• Exercise directions: Would you retype every entry that follows without altering a word?

• Records for the exercise:
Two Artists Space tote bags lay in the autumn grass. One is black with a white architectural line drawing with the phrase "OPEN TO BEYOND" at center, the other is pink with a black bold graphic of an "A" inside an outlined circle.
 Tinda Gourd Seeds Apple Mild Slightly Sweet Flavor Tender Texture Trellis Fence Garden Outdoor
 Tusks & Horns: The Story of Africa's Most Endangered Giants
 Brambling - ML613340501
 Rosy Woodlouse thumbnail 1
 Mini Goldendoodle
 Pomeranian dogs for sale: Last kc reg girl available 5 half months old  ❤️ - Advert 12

• The answer:
Two Artists Space tote bags lay in the autumn grass. One is black with a white architectural line drawing with the phrase "OPEN TO BEYOND" at center, the other is pink with a black bold graphic of an "A" inside an outlined circle.
 Tinda Gourd Seeds Apple Mild Slightly Sweet Flavor Tender Texture Trellis Fence Garden Outdoor
 Tusks & Horns: The Story of Africa's Most Endangered Giants
 Brambling - ML613340501
 Rosy Woodlouse thumbnail 1
 Mini Goldendoodle
 Pomeranian dogs for sale: Last kc reg girl available 5 half months old  ❤️ - Advert 12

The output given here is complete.